- Material for this exercise -

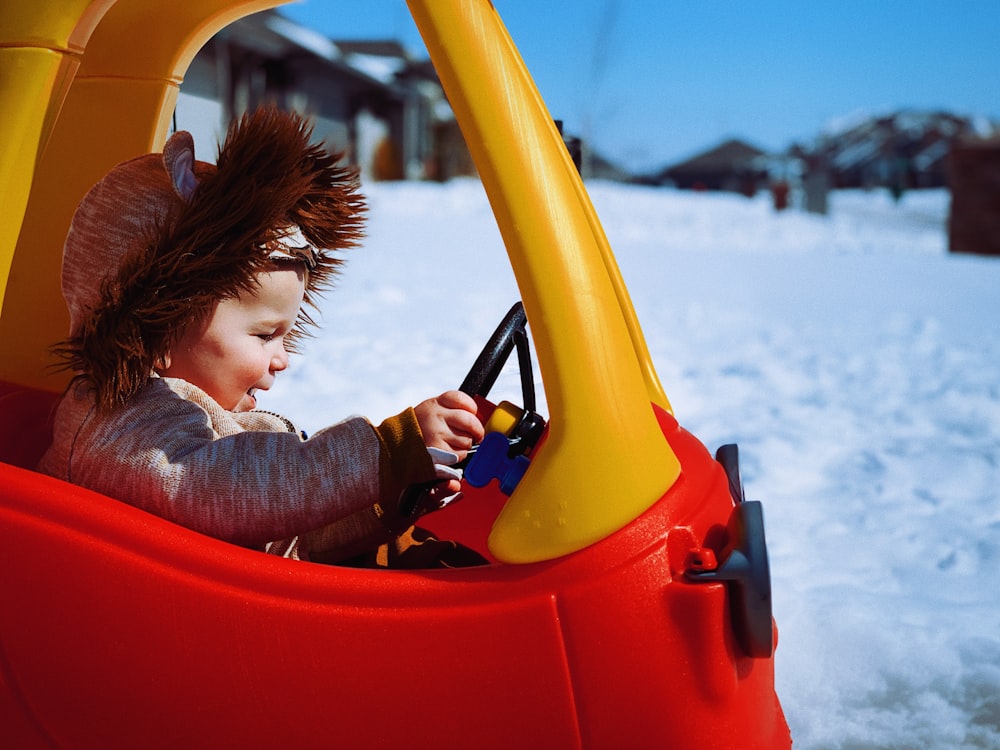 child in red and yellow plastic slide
---
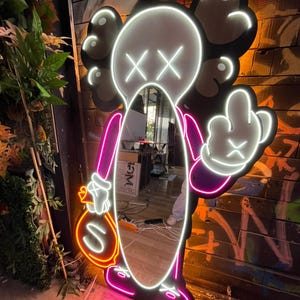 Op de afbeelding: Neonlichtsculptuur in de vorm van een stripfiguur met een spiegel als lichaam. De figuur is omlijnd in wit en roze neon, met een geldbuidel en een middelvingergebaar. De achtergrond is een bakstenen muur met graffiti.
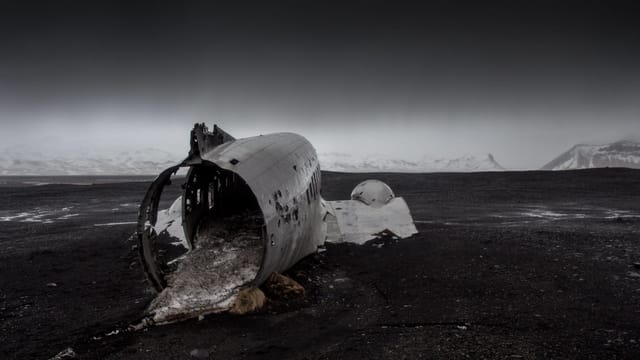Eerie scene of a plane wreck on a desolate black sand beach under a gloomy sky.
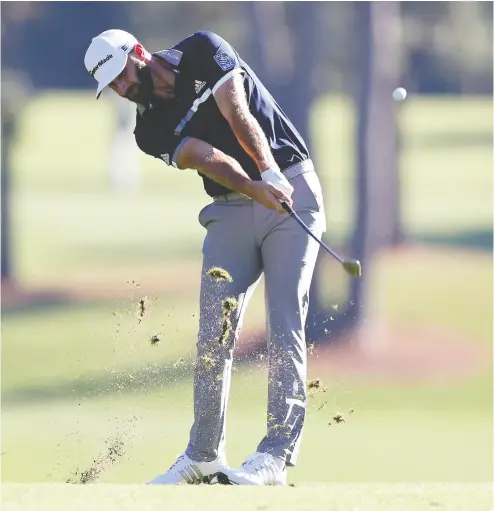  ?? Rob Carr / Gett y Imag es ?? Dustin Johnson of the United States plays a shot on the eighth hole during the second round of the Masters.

- Problem to work on -
What are the lines in the records above, word for word, from the one containing "Eerie scene of" through the one containing "of the Masters.", both ends included and pictures left out?

- Reply to the task -
Eerie scene of a plane wreck on a desolate black sand beach under a gloomy sky.
  ?? Rob Carr / Gett y Imag es ?? Dustin Johnson of the United States plays a shot on the eighth hole during the second round of the Masters.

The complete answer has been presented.